The subrequest filter isn't trying to do a set aside. It has seen an EOS --
it *knows* the subrequest is complete. You want to get the data into the
right pool; not copy it. And if you *do* want to copy it, then the patch
below isn't going to do.

So... please explain if my analysis was wrong, or please back out (I can
also back it out, too, if you agree).

Cheers,
-g

On Thu, Jun 07, 2001 at 01:24:44AM -0000, trawick@apache.org wrote:
> trawick     01/06/06 18:24:44
> 
>   Modified:    server   request.c
>   Log:
>   implement Ryan's suggested fix for buckets associated with a subrequest
>   having private data in the wrong (i.e., subrequest) pool, leading to
>   a segfault later in processing the main request
>   
>   in the patch posted on new-httpd, the temporary brigade was allocated from
>   the connection pool; the committed code allocates the brigade from the
>   main-request pool, as suggested by Ian Holsman
>   
>   Revision  Changes    Path
>   1.5       +33 -0     httpd-2.0/server/request.c
>   
>   Index: request.c
>   ===================================================================
>   RCS file: /home/cvs/httpd-2.0/server/request.c,v
>   retrieving revision 1.4
>   retrieving revision 1.5
>   diff -u -r1.4 -r1.5
>   --- request.c	2001/06/06 12:51:21	1.4
>   +++ request.c	2001/06/07 01:24:44	1.5
>   @@ -808,7 +808,40 @@
>        apr_bucket *e = APR_BRIGADE_LAST(bb);
>    
>        if (APR_BUCKET_IS_EOS(e)) {
>   +        apr_bucket_brigade *tmpbb;
>   +
>            apr_bucket_delete(e);
>   +
>   +        if (!APR_BRIGADE_EMPTY(bb)) { /* avoid brigade create/destroy */
>   +
>   +            /* We need to be certain that any data in a bucket is valid
>   +             * after the subrequest pool is cleared.
>   +             */ 
>   +            tmpbb = apr_brigade_create(f->r->main->pool);
>   +            
>   +            APR_BRIGADE_FOREACH(e, bb) {
>   +                const char *str;
>   +                apr_size_t n;
>   +                apr_status_t rv;
>   +                
>   +                rv = apr_bucket_read(e, &str, &n, APR_BLOCK_READ);
>   +                /* XXX handle rv! */
>   +                
>   +                /* This apr_brigade_write does not use a flush function
>   +                   because we assume that we will not write enough data
>   +                   into it to cause a flush. However, if we *do* write
>   +                   "too much", then we could end up with transient
>   +                   buckets which would suck. This works for now, but is
>   +                   a bit shaky if changes are made to some of the
>   +                   buffering sizes. Let's do an assert to prevent
>   +                   potential future problems... */
>   +                AP_DEBUG_ASSERT(AP_MIN_BYTES_TO_WRITE <=
>   +                                APR_BUCKET_BUFF_SIZE);
>   +                apr_brigade_write(tmpbb, NULL, NULL, str, n);
>   +            }
>   +            apr_brigade_destroy(bb);
>   +            bb = tmpbb;
>   +        }
>        }
>        return ap_pass_brigade(f->next, bb);
>    }
>   
>   
>   

-- 
Greg Stein, http://www.lyra.org/

Re: cvs commit: httpd-2.0/server request.c

Posted by Greg Stein <gs...@lyra.org>.
On Wed, Jun 06, 2001 at 10:58:25PM -0400, Jeff Trawick wrote:
> Greg Stein <gs...@lyra.org> writes:
>...
> > If your platform has MMAP, then the file bucket will be transformed into an
> > MMAP bucket and the read() will return the entire file contents. Then, for a
> > Debug build, you'll crap out at the assert. In a non-debug build, you'll end
> > up creating a TRANSIENT bucket in tmpbb which then becomes bogus when you
> > apr_destroy_brigade(bb).
> 
> The assert never fails, debug or not...  I've been through that loop :)

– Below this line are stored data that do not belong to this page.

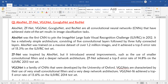AlexNet was the first CNN to win the ILSVRC in 2012. The context was how accurately you can classify the images present in the ImageNet dataset.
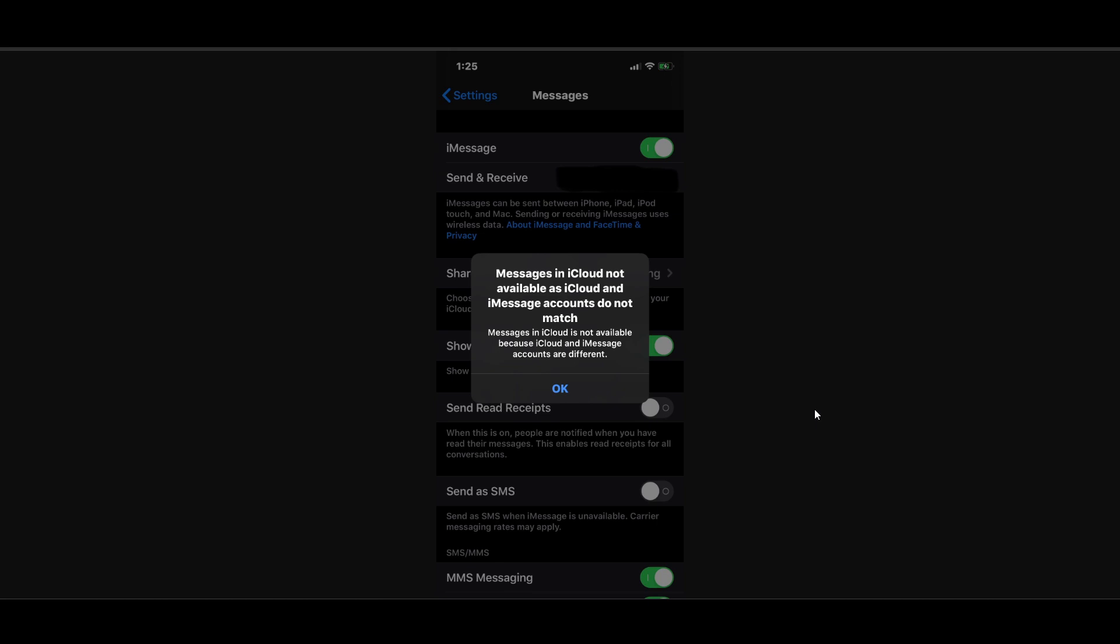Whatever steps you follow, make sure that you force restart your device and update your device. If there is any kind of update on your iOS device, make sure you update it. So this is it guys, I hope you found this video useful. Subscribe.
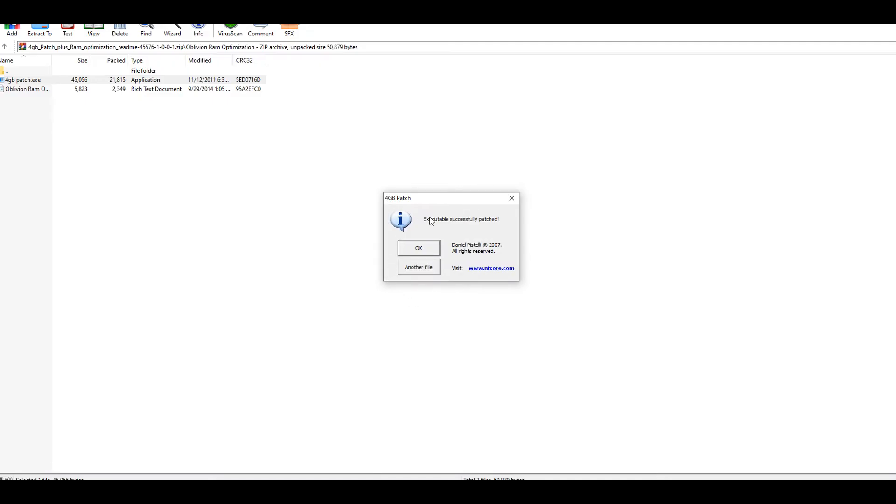Once you do so, it says executable successfully patched, and that's it—you patched your Oblivion game. Now if you use the GOG version, you do not have to do this. This is for the Steam users of the game.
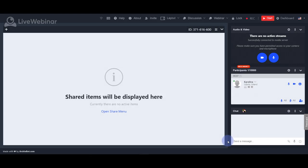Hello! Today we will show you how to use the call to action option which is available for attendees of a meeting. It is a great function if you want to make, for example, a promotion for your paid webinars or just want to simply inform your attendees about a break during the meeting.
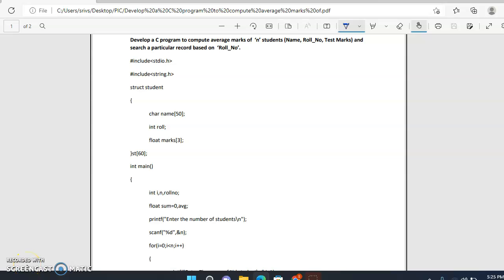In this video lecture I will explain a C program to compute average marks of any student that contains name, roll number, and test marks, and search a particular record based on roll number.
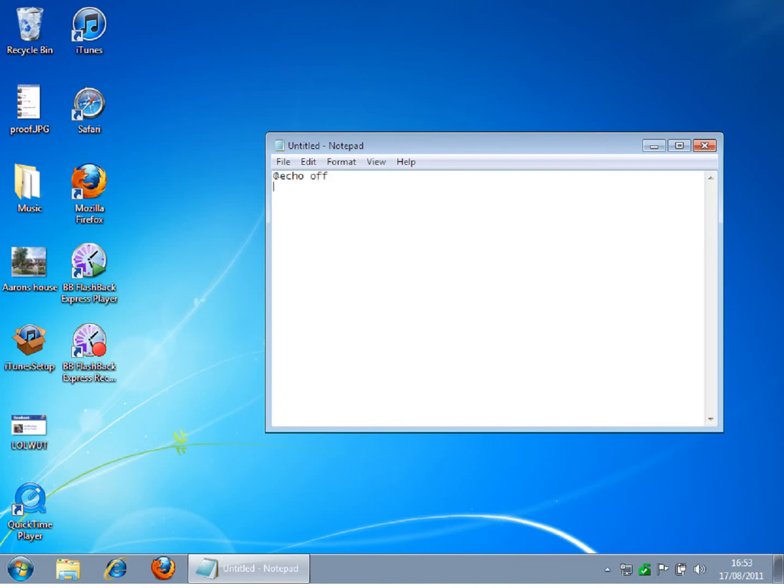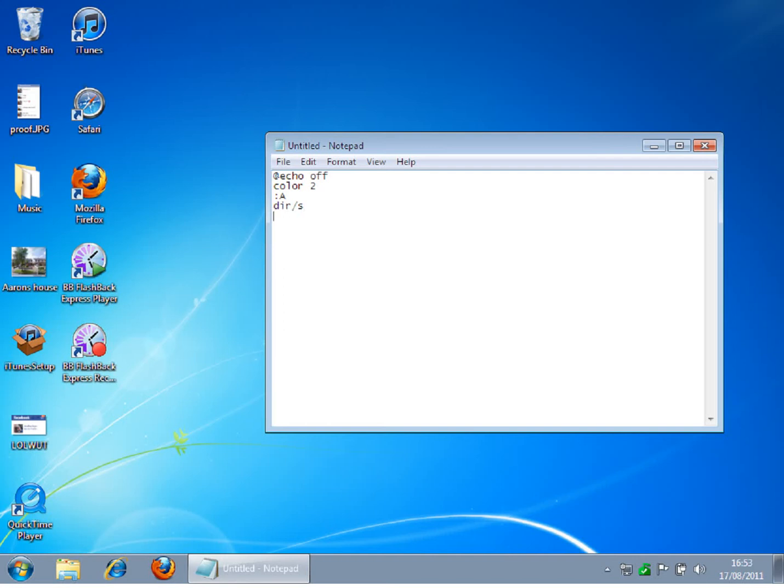And you want to type color, colon capital A, dir /S, goto.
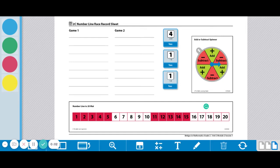These are the instructions for Workplace 2C Number Line Race. For this game, each player needs a record sheet,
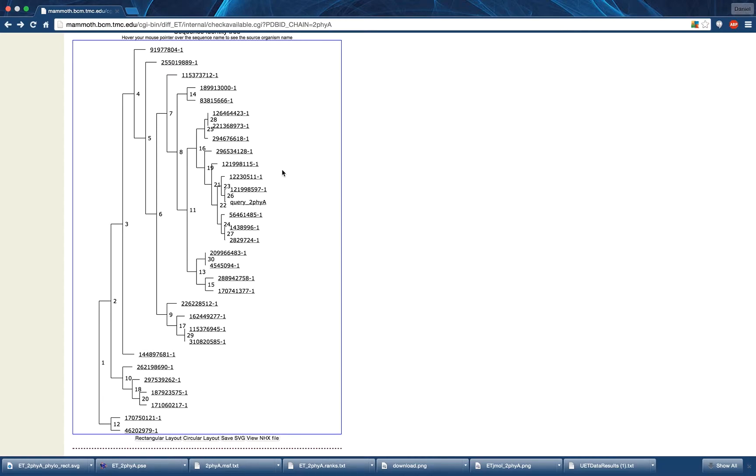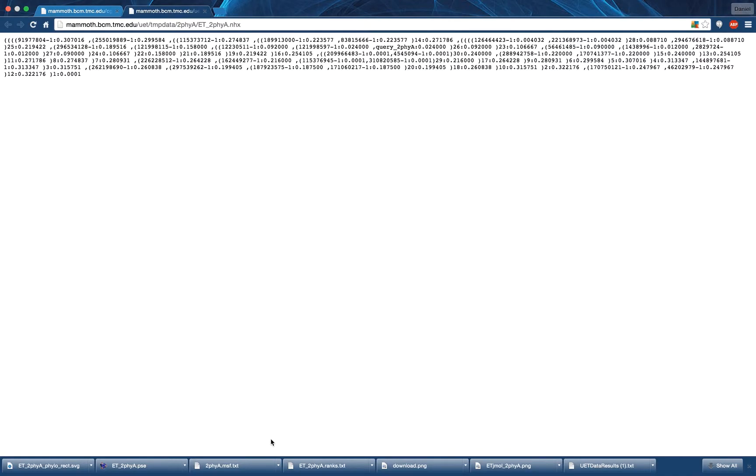The NHX file representing the tree can also be downloaded by pressing the View NHX file and then right-clicking and selecting Save As.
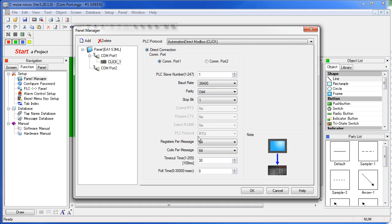Just double-check that the parameters match those of the PLC project you're connecting to. Make sure that the PLC slave number matches that of your PLC project, otherwise the panel won't talk to your PLC.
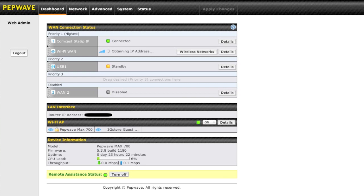Next, we're going to demonstrate all the different networking options that the MAX700 offers you.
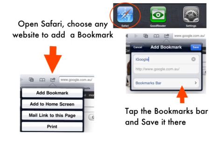Now open Safari and go to any website to add a bookmark. You can see that I've just chosen Google. When you choose Add a Bookmark, go to the next step and click on the Bookmarks Bar. You need to save your bookmark onto the Bookmarks Bar. When you've done this, you'll see that it now appears in your bar across the top of Safari.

Did you shove in a BIG file? ie. bigger than 8 or 9k? (whatever the value is
nowadays)

That should have sparked the assert.

[reviewing code again]

Okay. The subreq FILE bucket would need to be between 8k and 4M. The
apr_bucket_read() will then return a ptr/len for the entire mmap. That
should trigger the assert.

[ if *not*, then I'd like to figure out why, to ensure that some subtle bug
  isn't hiding from us ]

> Where does the TRANSIENT bucket come from?  It should be a HEAP bucket.

In apr_brigade_write(). If it can't shove the str/len data into a HEAP
bucket at the end of the brigade (an existing one, or a new one; where the
new one is size-limited), then it will create a TRANSIENT bucket for the
data and signal that a "flush" should be done. But we don't pass a flush
function, so the transient bucket just sits in there.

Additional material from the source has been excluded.